Male Pattern Hair Loss
Androgen-dependent hair loss is well established in men and typically presents with gradual thinning of hairs in the vertex scalp along with recession of the frontotemporal hairline. Typically, the occipital and parietal scalp remain unaffected. Classically, the Hamilton-Norwood scale (Figure 6.1
) is utilized to describe the severity of MPHL.

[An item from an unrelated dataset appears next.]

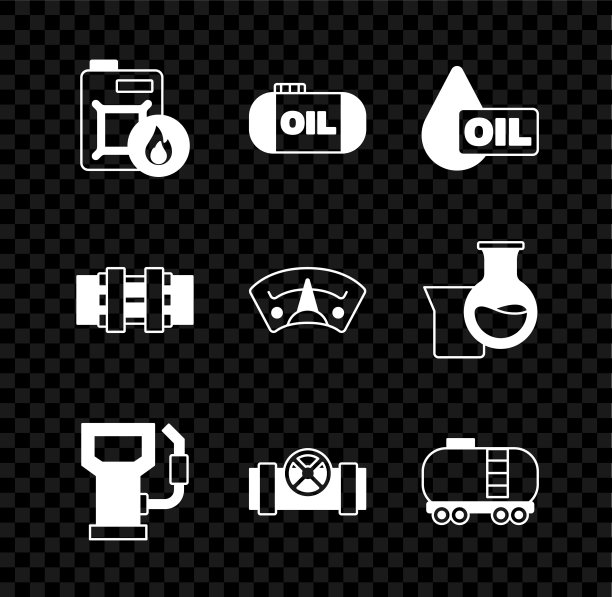 设置汽油罐，油罐储存，下降，汽油加油站，金属管道和阀门，铁路水箱，和汽车仪表图标。向量图片下载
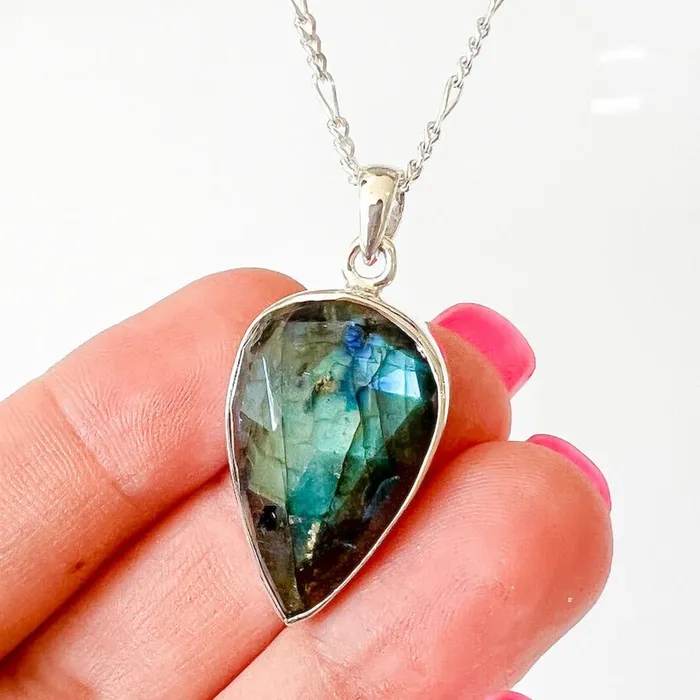 Magic Crystals Necklaces Labradorite Sterling 925 Silver Necklace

Diagnosis is usually made through clinical history and physical exam with notable decreased density of hairs in the bitemporal and vertex scalp with prominent sparing of occipital and parietal areas.
Female Pattern Hair Loss
The role of androgens in the progression of FPHL is less well established. However, there is a strong genetic predisposition with 40% to 54% of patients reporting family history of pattern hair loss. The frequency of FPHL increases with age with 12% of women reporting symptoms by age 29%, 25% by 49 years, and >50% by 79 years.10
While FPHL and MPHL share a similar pathology resulting in progressive follicular miniaturization of terminal to vellus hairs and decreased anagen growth phase, the etiology of FPHL remains unclear. Interestingly, unlike MPHL, miniaturization in FPHL is not uniform and intense with relatively few areas of complete alopecia. While androgens are a primary driver of MPHL, many women with FPHL do not have elevated androgens. However, a genetic predisposition may exist whereby normal circulating levels of androgens act on follicular receptors that are highly sensitized. In addition, androgen-independent pathways may also exist that have yet to be elucidated.11,12,13
Polycystic ovarian syndrome and metabolic syndrome are the two most commonly associated comorbidities noted with FPHL. The association of decreased iron levels and thyroid disorders has also been associated with FPHL. Some studies have shown that antiandrogen therapy is more efficacious in patients with ferritin levels >40 µg/L.14,15
The diagnosis of FPHL is largely based on clinical history and physical exam. Details including when the hair loss started, whether it was gradual or sudden onset, and any associated physical, mental, or emotional stressors within the prior 3 to 6 months of hair loss are important to rule out acute and chronic telogen effluvium. Details regarding possible signs of hyperandrogenism including hirsutism, menstrual irregularities, acne, infertility, and ovarian abnormalities should be ascertained as positive findings and may necessitate laboratory workup. The physical exam is usually notable for widening of the central part with diffuse reduction in hair density over the frontal scalp (Figure 6.2
). If there is any question regarding the diagnosis of hair loss, a scalp biopsy can provide valuable information.
FIGURE 6.1 The Hamilton-Norwood scale of male pattern hair loss.
FIGURE 6.2 Ludwig scale classification of female pattern hair loss.